WORK ITEM = Below are lines of data, and only some are wanted. Please repeat exactly those from the line that has "车工金工实习报告.docx_第3页" through the line that has "河淳　樹脂製パブリックチェア".

SUPPLIED INFORMATION =
###
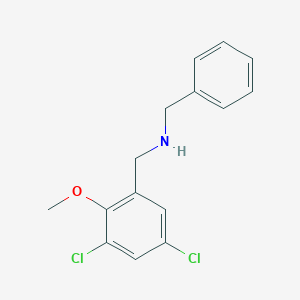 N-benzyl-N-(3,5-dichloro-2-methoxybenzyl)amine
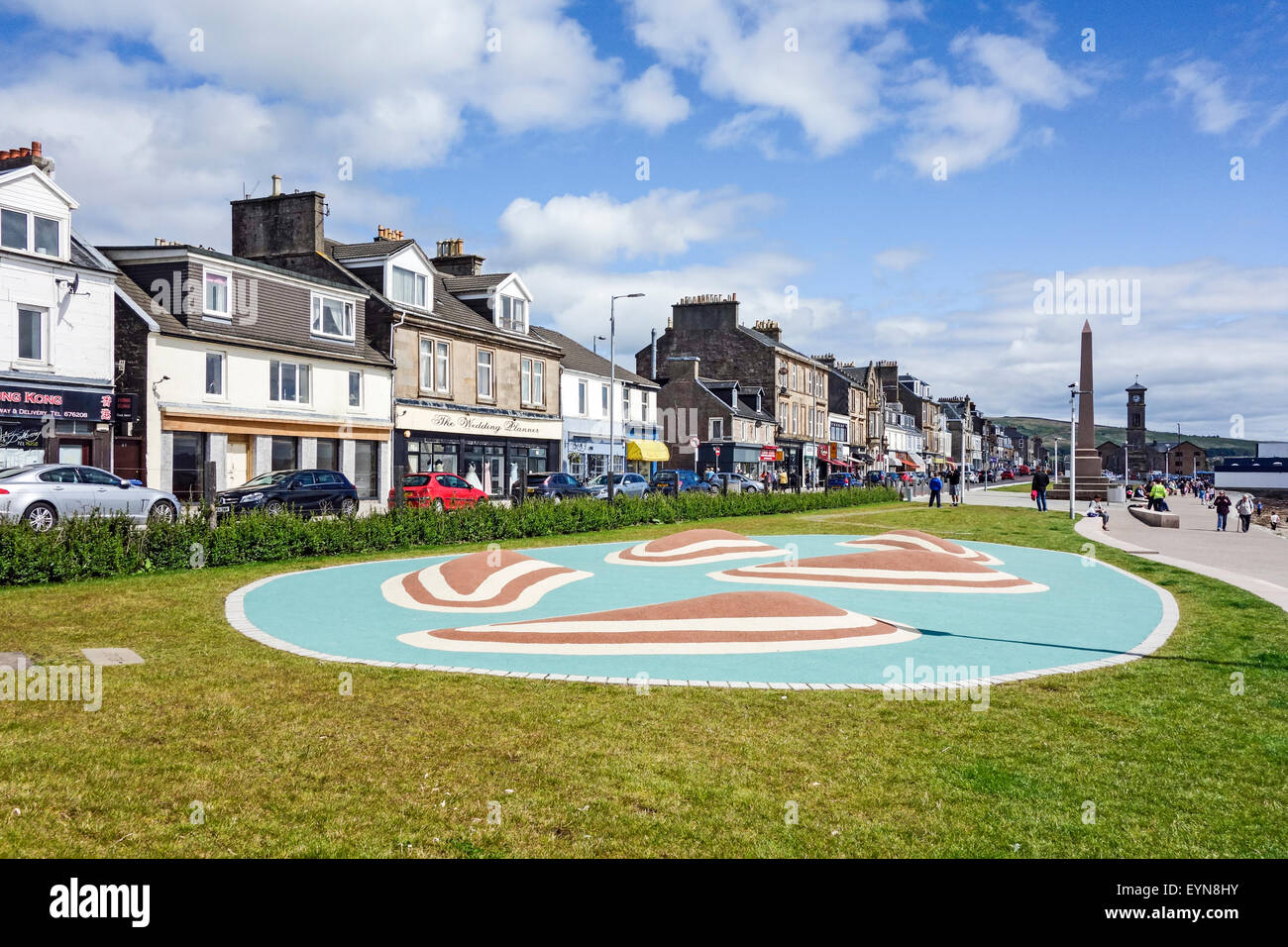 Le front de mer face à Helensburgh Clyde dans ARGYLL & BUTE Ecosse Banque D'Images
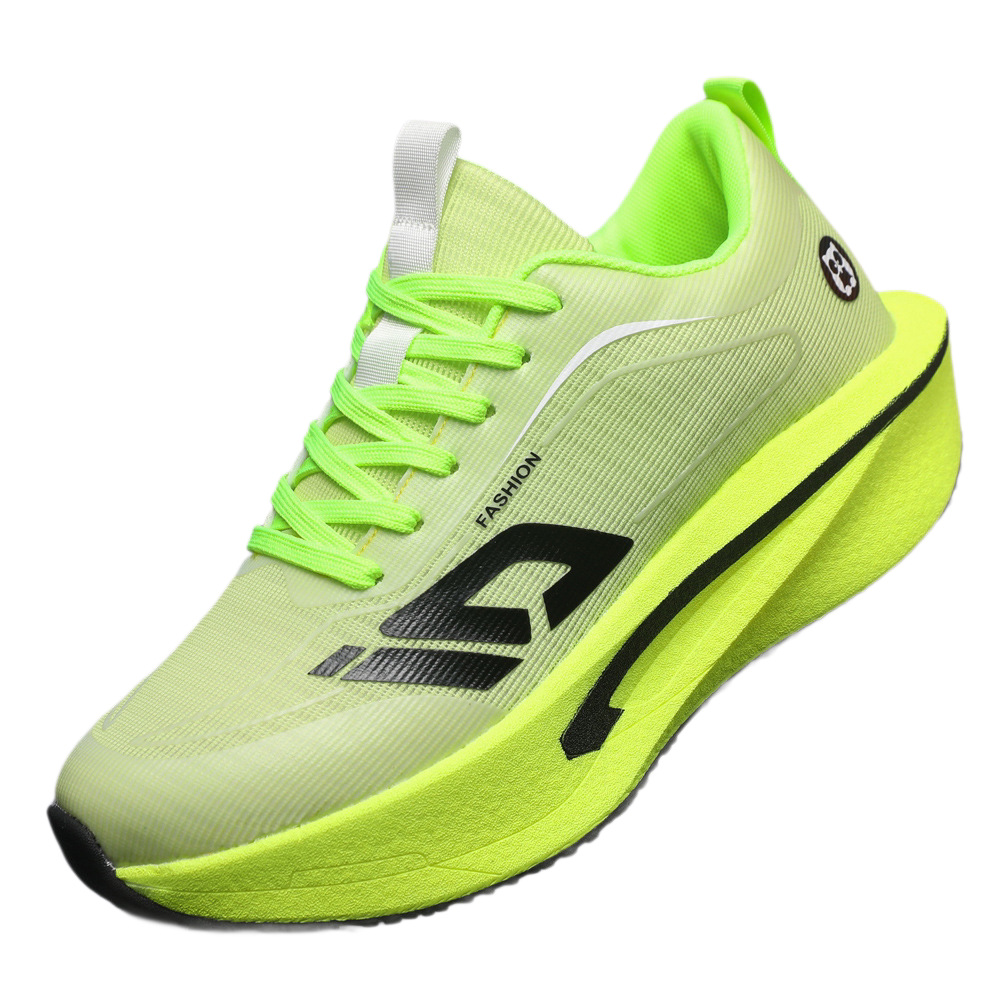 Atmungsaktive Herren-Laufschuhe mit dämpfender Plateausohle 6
###
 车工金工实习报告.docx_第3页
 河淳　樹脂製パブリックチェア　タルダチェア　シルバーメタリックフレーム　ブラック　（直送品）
###
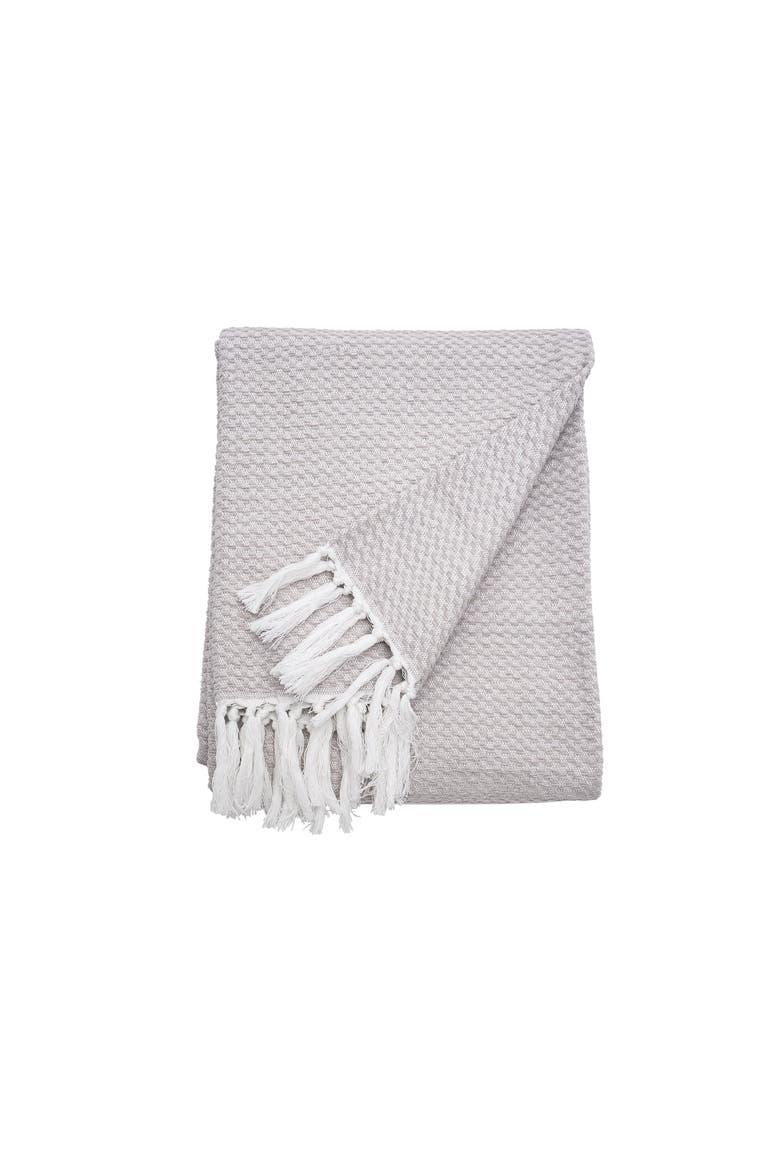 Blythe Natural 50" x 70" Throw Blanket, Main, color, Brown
###
TASK RESPONSE =
 车工金工实习报告.docx_第3页
 河淳　樹脂製パブリックチェア　タルダチェア　シルバーメタリックフレーム　ブラック　（直送品）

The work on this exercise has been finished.